Council learns of Molino's 'exit strategy' during executive session

posted by Mike Pettinella in news, Batavia City Council, Jason Molino.

Outgoing Manager Jason Molino’s “main goal” is to provide his successor with as much information as possible to help him or her navigate through the many projects that are on the table in the City of Batavia.

That’s the word from City Council President Eugene Jankowski, summarizing Wednesday night’s special meeting – a closed executive session – at the City Centre Council Board Room.

“Jason’s main goal is to outline everything in a detailed and concise manner to benefit the incoming manager and make it easy to understand what is going on,” Jankowski said.

While Jankowski said there is no obligation – financial or otherwise -- for either party to continue any relationship after Molino’s final day on the job (Jan. 12), he did say that Molino has “volunteered to answer questions after he leaves for a reasonable amount of time.”

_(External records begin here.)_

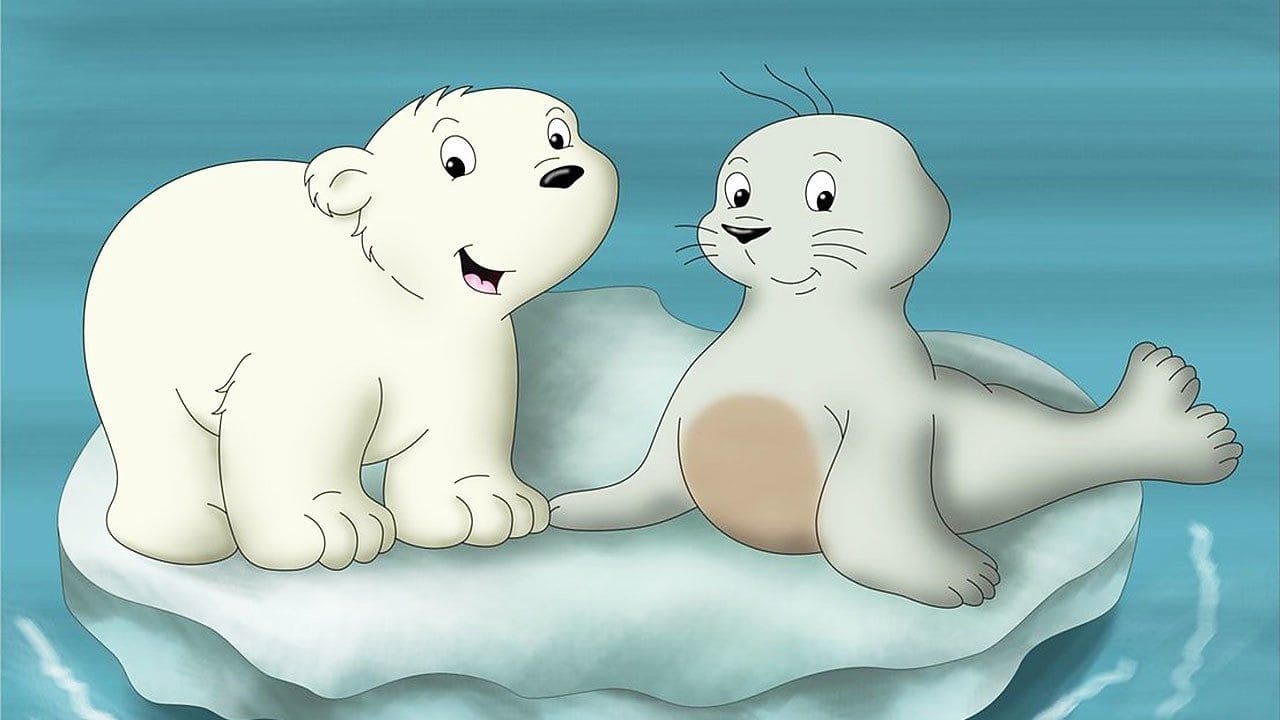 Der kleine Eisbär 2 - Die geheimnisvolle Insel background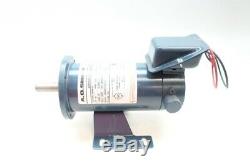 Ao Smith 34356351330-1A Variable Speed Dc Motor 48c 1/6hp 1725rpm 1/2in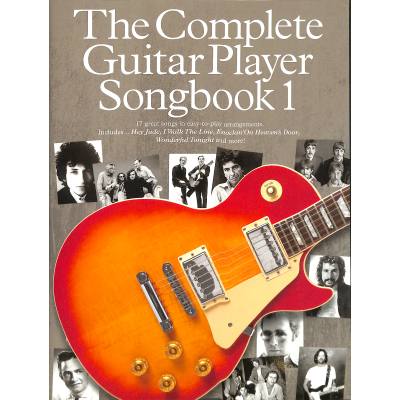 9781847727329 - The complete guitar player songbook 1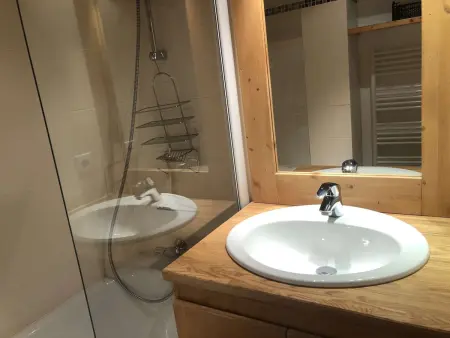 Studio divisible, 4 pers, vue pistes, Appartement 4 personnes à Les Avanchers Valmorel : photo 13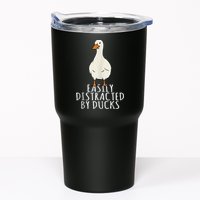 Duck Easily Distracted By Ducks Tumbler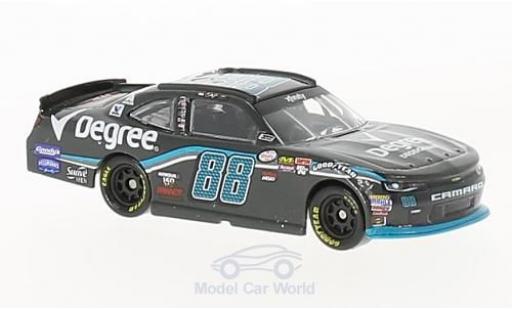 Chevrolet Camaro RS 1/64 Lionel Racing No.88 JR Motorsports Degree Nascar 2017 D.Earnhardt Jr. modellino in miniatura
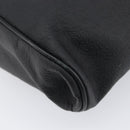 LOEWE Tote Bag Canvas PVC Black Silver Auth bs36953-17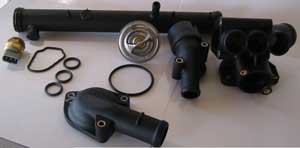  VR6 12V COOLING KIT (Early Corrado & Passat )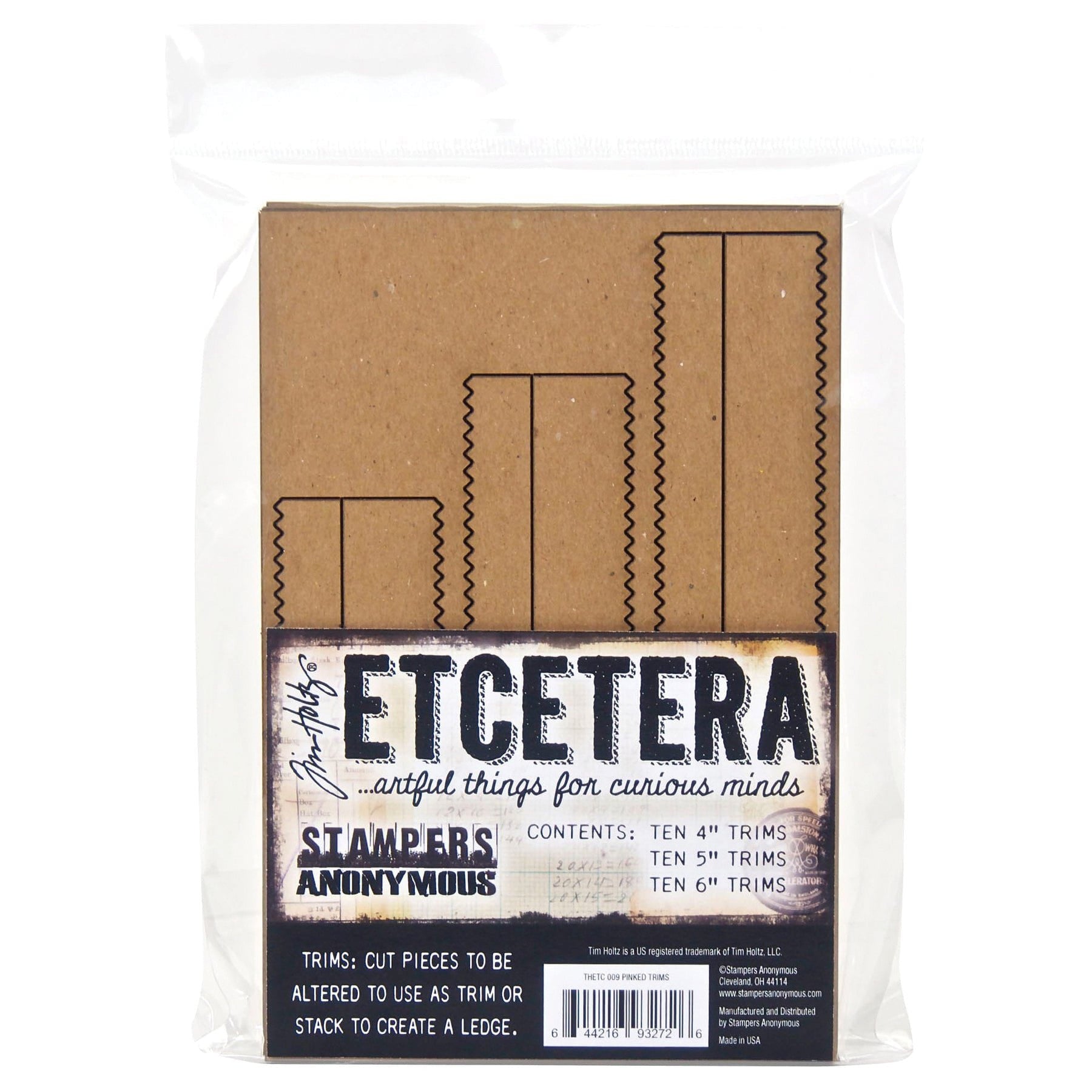 Tim Holtz Etcetera Trims from Stampers Anonymous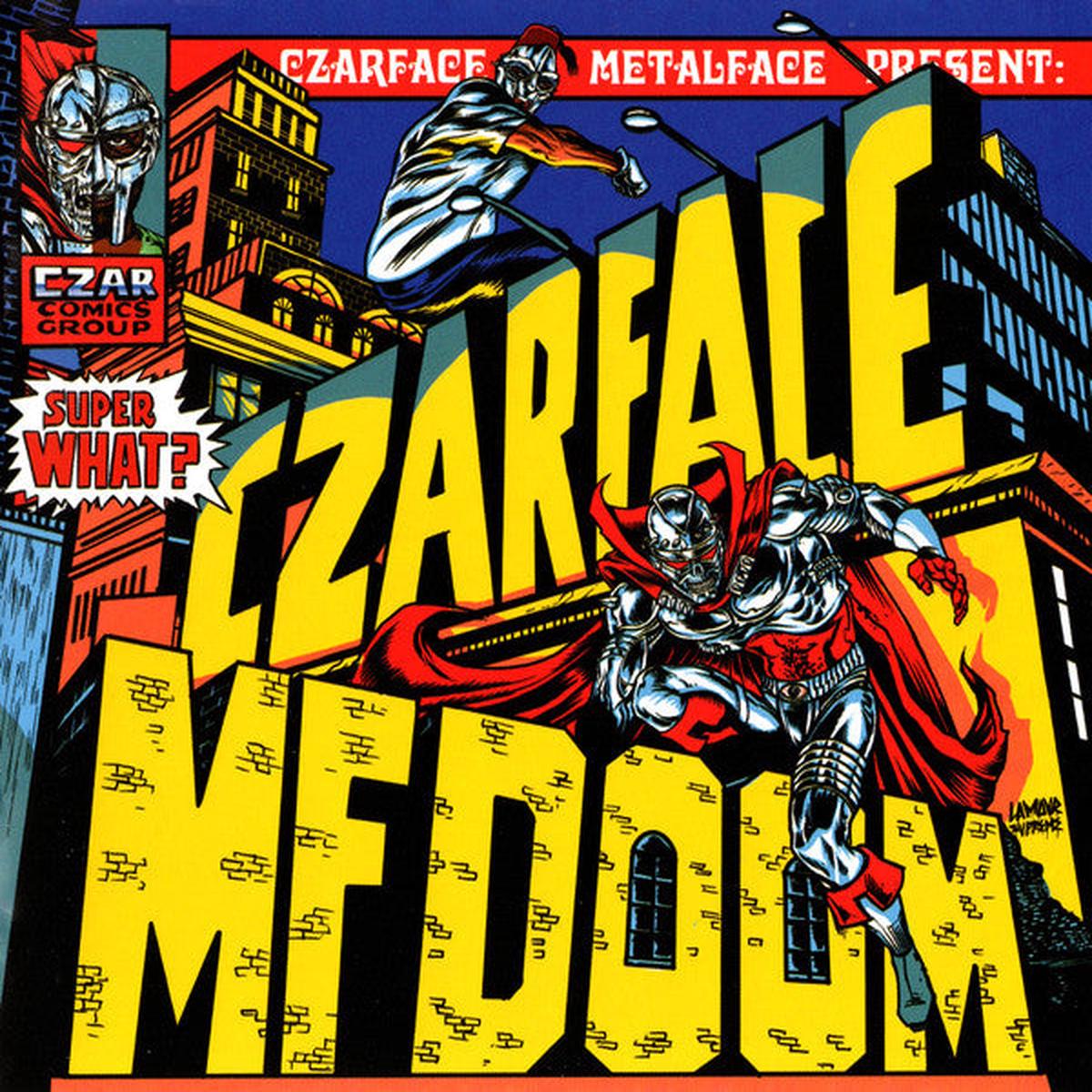CZARFACE & MF DOOM – SUPER WHAT? – CD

Jankowski termed the meeting as an “exit interview” and a time for “constructive criticism both ways.”

The council president said most of the 45-minute meeting consisted of Molino giving suggestions about what skills and qualifications that Council needs to look for in its next manager, and how to improve employer/employee relations.

“He cleared the air as to why he was leaving, basically stating what he said before, that he was moving up the ladder and taking the next step in his professional development,” Jankowski said. “There also was a lot of heart-to-heart, which is a good thing.”

Jankowski said Molino outlined “his exit strategy” and briefed Council on the major projects.

“Jason also will be making suggestions on who he thinks should be the interim manager, and suggested that Council should make an interim appointment effective Jan. 13,” Jankowski said.

Although no specifics were discussed concerning an interim replacement, Jankowski said that he thinks “it would be reasonable to compensate someone for additional duties” should the interim tag be placed upon a current city employee.

Jankowski said there was no discussion on how to fill the position, adding that a public debate is less than two weeks away.

“You can expect a lively debate about how we will proceed at our next meeting on January 8th,” he said.

Molino resigned on Dec. 18 after 11 years in Batavia, and will start his new job as Tompkins County Administrator on Jan. 29. The new position comes with more responsibility and a substantial raise from his current salary of about $94,000.